En France, le débat sur les OGM a tourné autour de la culture sans pour autant s’attaquer à la consommation. Il est vrai que médiatiquement les actions contre les cultures ont été retentissantes. Pour une fois avec cette étude, c’est le thème de la santé qui prend le dessus et la recherche est du côté des scientifiques et citoyens qui s’interrogent sur la toxicité des OGM. Et il y a urgence. En novembre 2011, le Conseil d’Etat, suivant les recommandations de la CJUE (Cour de justice de l’Union européenne), a ainsi invalidé la décision du gouvernement français d’utiliser une clause de sauvegarde sur le MON 810. Les juges ont estimé que le ministère de l’Agriculture n’avait pas pu “apporter la preuve de l’existence d’un niveau de risque particulièrement élevé pour la santé ou l’environnement”. Il est vrai qu’il est rare de trouver lorsque l’on ne cherche pas ou que l’on met en place des protocoles qui ne peuvent produire aucun résultat.

Pourtant une proposition existe du Parlement européen pour permettre aux Etats membres d’interdire les OGM sur leur territoire. J’en suis la rapporteure. Elle a été adoptée par 548 voix pour, 84 voix contre et 31 abstentions lors de la séance plénière de juillet 2011. Elle propose trois mesures essentielles :

1) Le renforcement de la sécurité juridique par la clarification des motifs d’interdiction des OGM, qui peuvent être des raisons environnementales complémentaires de celles évaluées au niveau européen, ou des motifs socio-économiques (coûts économiques des mesures nécessaires pour limiter la contamination des plantes conventionnelles par des OGM).

2) L’application systématique de mesures de co-existence entre culture OGM et non-OGM par les Etats-Membres n’interdisant pas la culture des OGM.

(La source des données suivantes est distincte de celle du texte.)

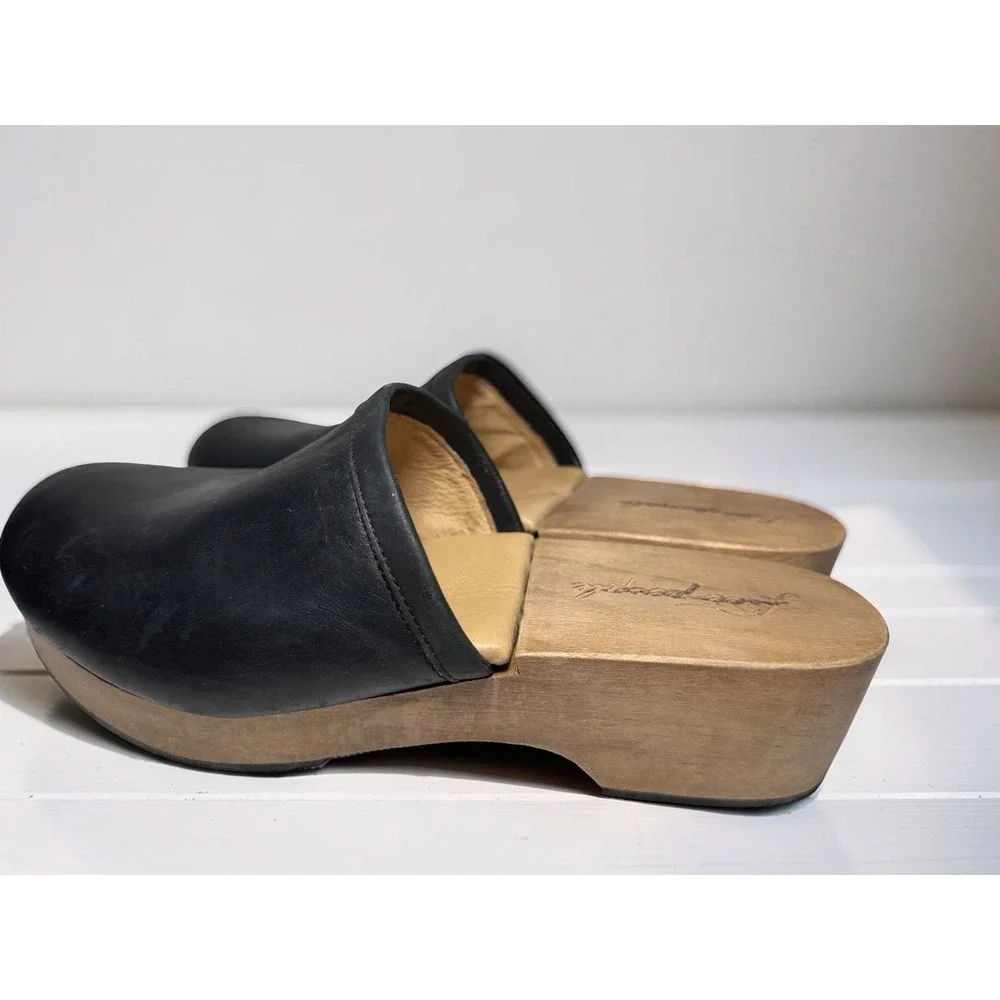 Free People Carver Black Leather & Wooden Clogs Womens Size 37 Made In Spain EUC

3) L’affirmation, dans les considérants, de la nécessaire amélioration des procédures d’évaluation des risques de l’Agence européenne de la sécurité alimentaire (EFSA/ AESA) et du respect des conclusions du Conseil de décembre 2008.

Les négociations sur cette proposition sont actuellement bloquées au sein du Conseil des ministres de l’UE. La position de Marisol Touraine, Delphine Batho et Stéphane Le Foll de saisir l’ANSES avant de saisir la Commission européenne fut la bonne. Maintenant à eux d’agir aussi pour débloquer la situation au Conseil, exiger des études systématiques à deux ans  sur les OGM consommés et faire en sorte que l’expertise indépendante des lobbys soit enfin la règle.